Together with the issue of translation, the causes and effects of the constitutionalization of global governance, which are framed as the question “what is constitutionalization beyond the state?” as the title of Part I indicates, constitute the third new theoretical frontier. In Chapter 1, Dunoff and Trachtman point out the three functional dimensions of global constitutionalism: enabling, constraining, and supplemental. The first two functions correspond to those tied to national constitutions; the third emerges in response to the changing relationship between international and municipal law. Also addressing the changes in the relationship between international and municipal law, Andreas L. Paulus examines the efforts of conceptualizing the international legal system as a constitution in Chapter 3. Departing the formalist position, Paulus urges a constitutionalist understanding of the international legal system under the substantial paradigm of constitutionalism.
Apart from the effects of global constitutionalism, both Paulus’s and Dunoff and Trachtman’s contributions identify the causes of global constitutionalism in the fragmentation of the international legal order.
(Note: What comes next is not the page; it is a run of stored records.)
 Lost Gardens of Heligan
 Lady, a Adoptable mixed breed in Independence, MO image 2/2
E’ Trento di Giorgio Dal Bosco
In other words, bringing order to the fragmented international legal system figures as the central concern to global constitutionalism. Echoing the current talks of global governance, Dunoff and Trachtman in their introductory chapter locate the aspiration to global constitutionalism in the context of economic globalization. Taking a different approach, David Kennedy provides critical perspectives on global constitutionalism. In Chapter 2, “The Mystery of Global Governance,” Kennedy recasts global constitutionalism as one among various efforts such as the project of global administrative law and the ideas surrounding new governance in the latest wave to bring the international system under the rule of law. Instead of taking the functional approach, Kennedy relates the emergence of global constitutionalism to the systems of knowledge production. In this train of thought, Kennedy’s intellectual history of global governance raises the same question as the late Thomas M. Franck asks in the Preface, “why constitutionalize?”
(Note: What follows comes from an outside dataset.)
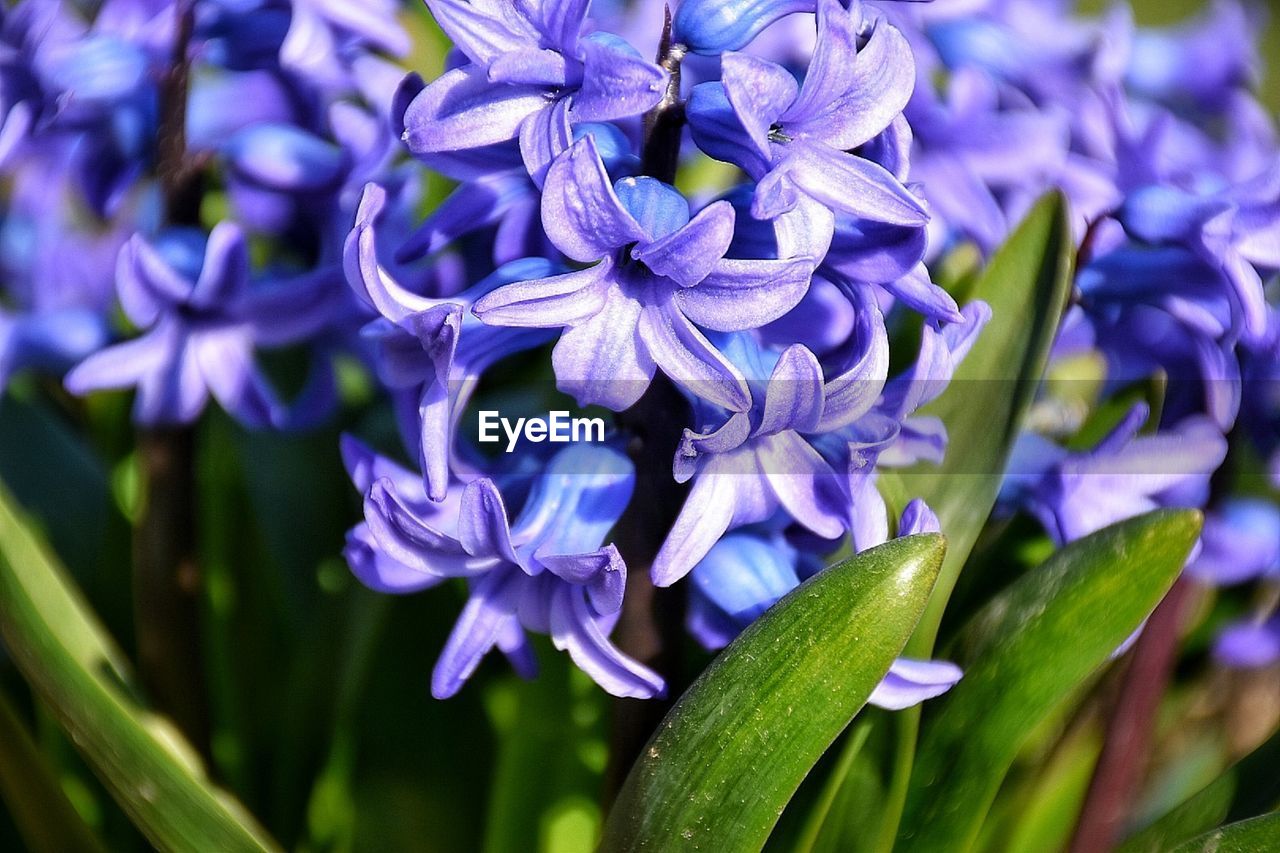 flower, flowering plant, plant, beauty in nature, freshness, purple, close-up, fragility, petal, nature, growth, flower head, inflorescence, no people, macro photography, springtime, blossom, botany, leaf, focus on foreground, plant part, outdoors, day, blue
Underneath this sixty-four-thousand-dollar question lie more crucial issues fundamental to global constitutionalism: What is the added value for the international legal system to be called a constitution? What exactly is constitutional about current global governance? Is comprehensiveness characteristic of constitutional orders? The exploration of global constitutionalism in this book comes full circle here: Is global constitutionalism different from national [*77] constitutionalism? Are we entering a new era of constitutionalism, or instead are we facing the end of constitutionalism as we know it? These substantive issues regarding global constitutionalism run through the various essays, linking individual chapters to the general discussion on global governance beyond the collection itself. To be sure, none of these issues can be easily settled by a short essay because each of them touches the core of constitutional theories. To address these questions may need thirteen books rather than thirteen chapters in a collection. Still, both the structure of the book and the substantive discussion by each author reflect the width and depth of theoretical exploration that is required to address the diversity and complexity of challenges posed by global constitutionalism.
Goldstein, Judith L., Miles Kahler, Robert O. Keohane, and Anne-Marie Slaughter (eds). 2001. LEGALIZATION AND WORLD POLITICS. Cambridge, MA: MIT Press.
Kuo, Ming-Sung. 2009. “From Myth to Fiction: Why a Legalist-Constructivist Rescue of European Constitutional Ordering Fails.” OXFORD JOURNAL OF LEGAL STUDIES 29: 579-602.